As Kathy Baughman McLeod, Director and Senior Vice President of the Adrienne Arsht–Rockefeller Foundation Resilience Center at the Atlantic Council, shared at a recent public event, “Nature is our superhero.”
With studies predicting that 720 million people risk falling back into extreme poverty if we fail to tackle climate change, we need every line of defense that we can get.
As a result of the public health response to COVID-19, daily greenhouse gas emissions have dropped an estimated 17% globally between January and April compared to 2019—and the air is markedly cleaner because of it.
However, scientists warn that even with individual short-term behavior change, absent bold, systematic change led by governments and businesses, emissions could rise in the years to come, bringing us all closer to the brink of an uninhabitable planet.
With or without a pandemic, our window of opportunity is closing.
On this World Environment Day, in particular, let’s consider how inextricably linked we are to the environment, and how we simply can’t afford to degrade any more of it—not for the communities we seek to serve, not for ourselves, not for posterity.
How will we build back green, starting today?
Knowing how continued deforestation creates the conditions for another pandemic and exacerbates the climate crisis, our COVID-19 recovery plan should include large-scale investment in forests, wetlands, biodiversity, and sustainable land management that all minimize governance trade-offs. If done right, such investments could have the dual purpose of nature-based carbon removal and zoonotic disease prevention, among many other benefits.
A green recovery from COVID-19 also means making big investments in renewable energy in both urban and rural areas at home and abroad. It means supporting the communities and families that currently depend on fossil fuel companies for their jobs and income to transition to key roles in the green global economy.
On April 22, 83 InterAction Members acknowledged the people-planet connection by signing the NGO Climate Compact. They recognized that protecting and regenerating biodiversity are critical to decelerating climate change, mitigating its effects on life, and helping affected communities adapt to their new reality.

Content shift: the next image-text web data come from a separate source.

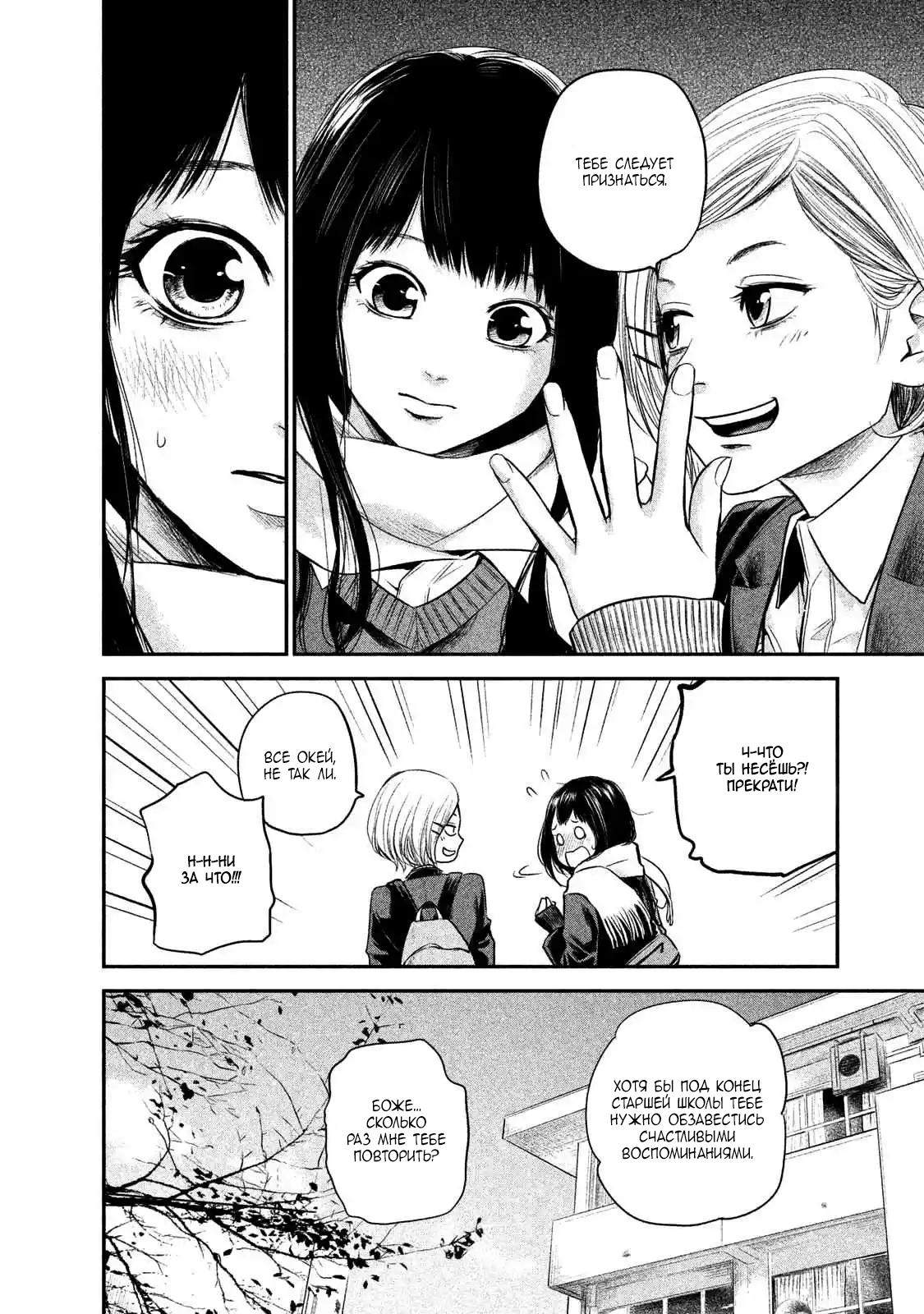 Манга Зайчик Кон - Глава 106 Страница 10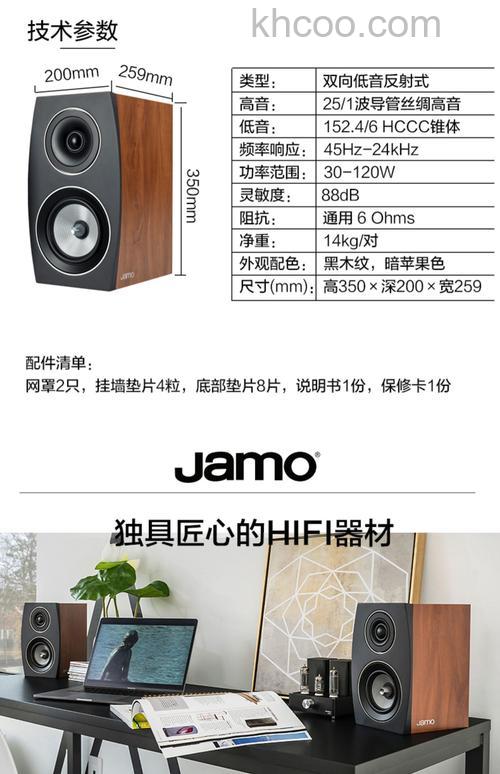 书桌音响什么品牌好 书桌音响品牌推荐【详细介绍】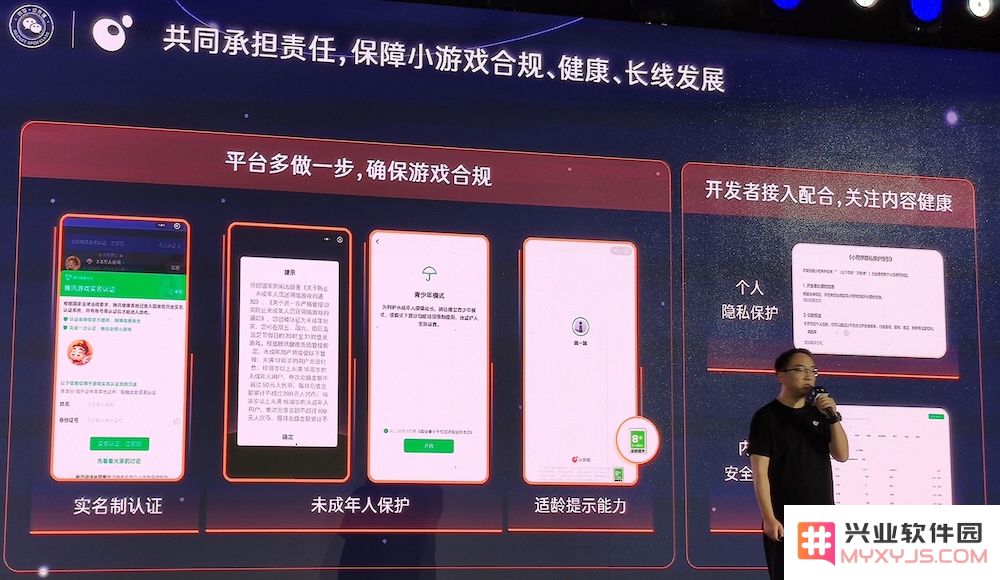 微信李卿：IAA小游戏MAU增至近5亿，今年有望突破100亿元！：数字游戏的奇迹，市场如何变革？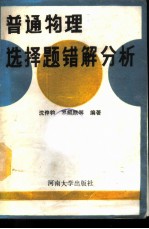 普通物理选择题错解分析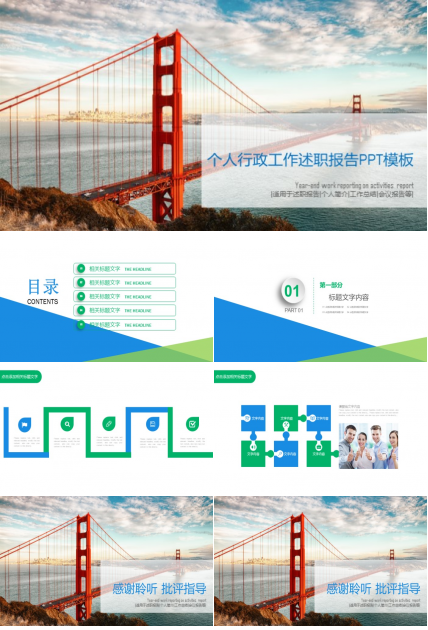 个人行政工作述职报告ppt模板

Our Members continue to make advances in climate advocacy, mainstreaming climate considerations into worldwide programs, and reducing their own greenhouse gas emissions to increase alignment with their missions.
Many different civil society coalitions are pushing in this same direction.
In this past month alone, more than 50 environmental NGOs pushed back strongly on efforts by oil, gas, and coal companies to get a bailout in the CARES Act by instead supporting the ReWIND Act.
Ceres spearheaded the LEAD on Climate 2020 campaign, garnering support from over 300 major U.S. businesses, including banks, to call on the U.S. Congress for a green recovery from COVID-19.
The Washington Interfaith Staff Community Energy & Ecology Working Group, representing all major faith denominations, similarly called for job creation in sectors such as clean energy, conservation, and low-carbon infrastructure domestically and internationally as Congress legislates around recovery.
Others continue to call attention to G20 and development finance institutions that are still investing in fossil fuel projects in development countries, including the U.S. International Development Finance Corporation, despite commitments under the Paris Agreement and all that we know about how fossil fuel extraction and use entrench poverty.
We need all of this and more—and fast. As quickly as scientists race to develop a COVID-19 vaccine, we must be racing to make a green recovery possible. Our survival in the face of both climate change and one of the worst pandemics in human history depends on it.